Yumi Stynes, author and broadcaster, Brisbane Writers Festival

There’s nothing like feeling slapped by a brilliant sentence ...

Yumi Stynes might be one of the busiest people in Australian media. Not only does she pop up on our television screens often, her voice can be heard on podcasts and her writing can be spotted on bookshelves across the country. On top of that, she’s a mother of four. Yumi has made time in her loaded itinerary to pop up to Brisbane for several appearances at this year’s Brisbane Writers Festival – appearing on a variety of panels discussing everything from music to consent. We caught up with Yumi ahead of the festival to chat about her work, the joys of reading and how she finds time for herself …

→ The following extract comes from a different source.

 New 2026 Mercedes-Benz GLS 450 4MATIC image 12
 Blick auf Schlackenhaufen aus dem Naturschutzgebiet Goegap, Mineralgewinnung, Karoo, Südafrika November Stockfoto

Throughout your career you’ve worn many hats, including writer, radio host, podcaster and television presenter. What do you find most creatively stimulating and freeing about being able to navigate between different mediums?
Sometimes I think I’m like Kiki, the young witch in the animated movie Kiki’s Delivery Service. Early on in the film she is learning to fly. She meets another young witch who can fly and read fortunes and make love predictions, and it’s fortune-telling that this other witch spins off into a career. But Kiki can’t do anything that sophisticated. She can just fly, and barely that some days. So she delivers food and gifts around town for a job.

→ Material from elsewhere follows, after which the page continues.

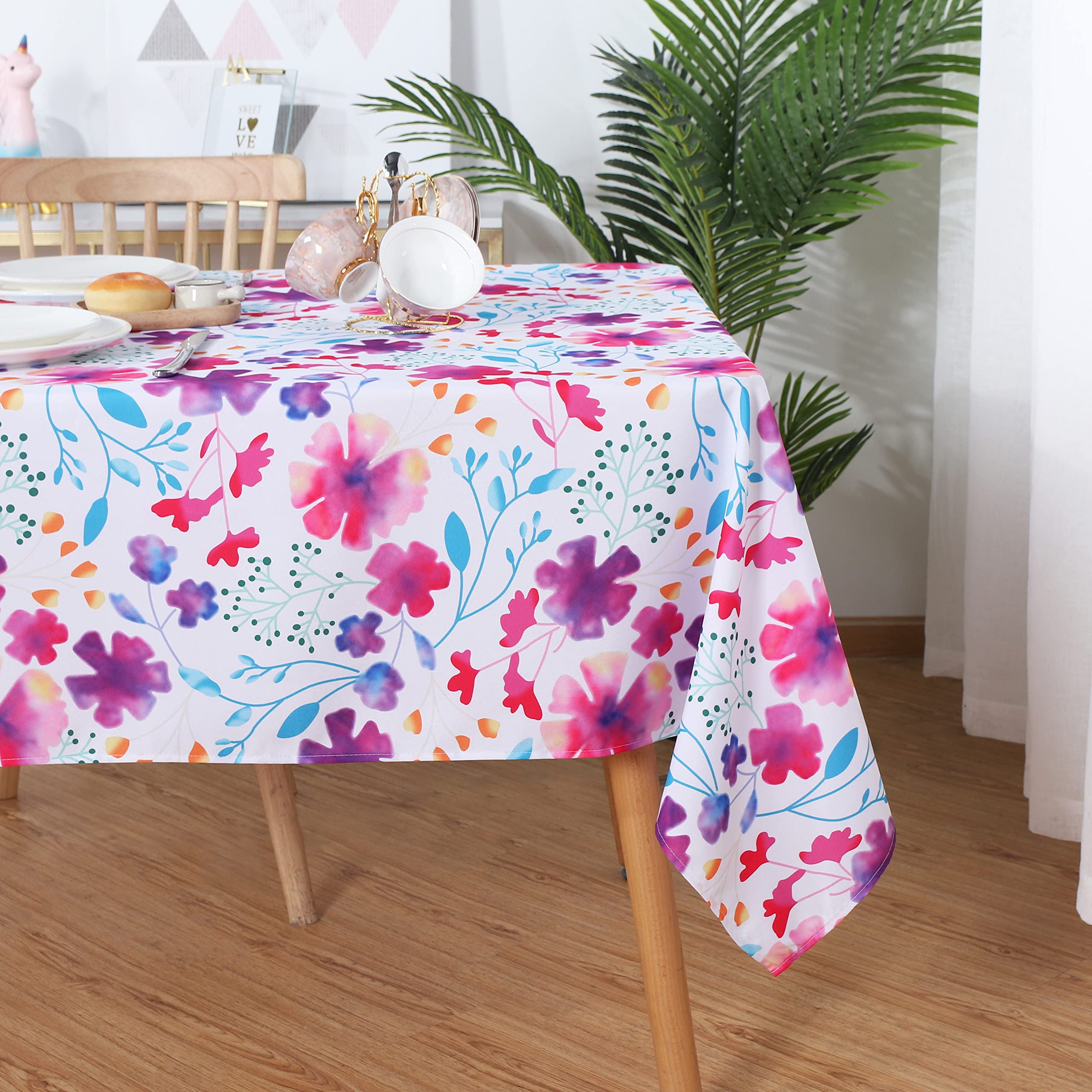 LUSHVIDA Spring&Summer Fabric Rectangle Table Cloth, Polyester Flower Tablecloth, Table Cover Protector for Holiday, Party, Wedding, Birthday, Banquet Decoration Use, 60 x 84 Inch, Floral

In my work I see other witches who do amazing magic with words – people like Melbourne author Sarah Krasnostein who has such breathtaking gifts of storytelling and takes on stunning concepts and performs these agonising writerly feats. Sometimes I finish a paragraph she’s written and I gasp and throw the book at the wall. Because over here I am just trying not to fall off my broomstick! But I’ve come to be pretty okay with that. Because my job is to make things really easy to understand. In radio and podcasting, my job is to allow other people’s stories to flow past me while offering minimal interruption and maximum encouragement. And in writing my guidebooks, my job is to get in the ears of young kids before they tune out. It might look easy, but it’s my jam, and I dig it.

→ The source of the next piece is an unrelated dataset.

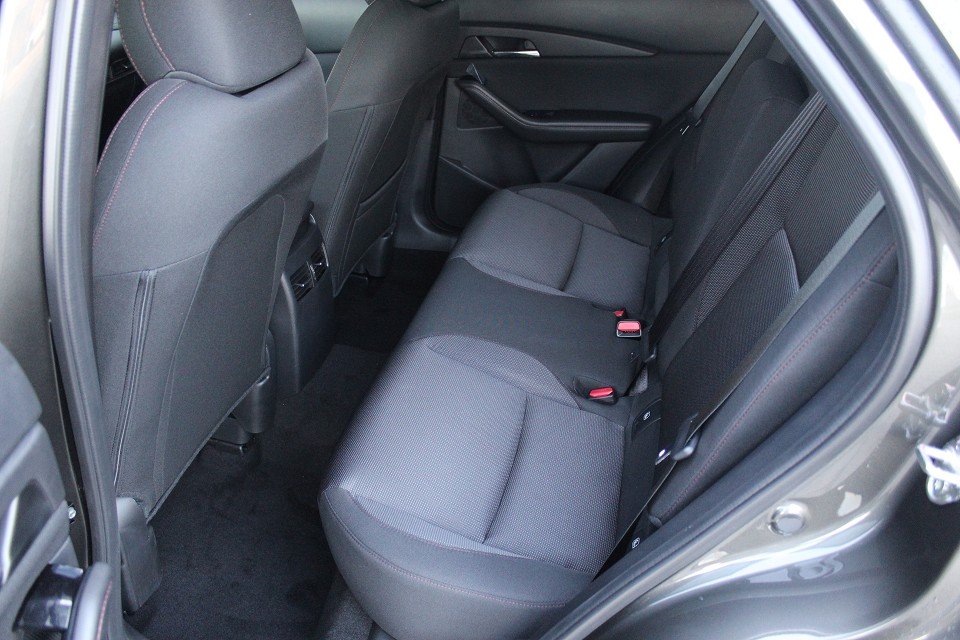 Fahrzeugabbildung Mazda CX-30 2027 G-140 Homura 18Zoll SHZ EPH LogIn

Earlier this year you released a new book called Welcome to Your Boobs, which is the latest in a series of books you’ve penned alongside Dr Melissa Kang. What initially inspired the two of you to team up on this series and what would you say has been the most rewarding aspect of the experience?
Dr Melissa is, quite frankly, a legend, and I am delighted just to be in the same room as her. She was Dolly Doctor for more than 20 years and there is not a thing about the adolescent body that she doesn’t know. She and I had been connected through my podcast and my publisher Marisa, who has sparkly eyes, saw the connection and was wagging her tail furiously at us, saying, “You two need to write a book together!” We kicked around some ideas and I think mutually agreed that no one had ever written a book that was just about periods – about what to expect, how to manage it, and how it will feel – for the audience of young kids who actually need those questions answered.

It’s funny to see that when you’re nine, ten, 11 years old, people think you might not be able to ‘handle’ these concepts. So they withhold the information and hope kids don’t see blood on their undies until they can ‘handle’ the concept. And I guess when I say “It’s funny” I mean it’s actual, total bullshit. The Welcome to … books have gone on to be wildly successful. Feedback I get regularly is, “I wish I had this book when I was a kid.” The hardest one to write was Welcome to Consent, which finally spells out consent in ways that kids can really grapple with, internalise and apply in real life. When women tell me they wish they’d had the consent book when they were younger, there’s often a lot of unspoken pain inside that sentiment.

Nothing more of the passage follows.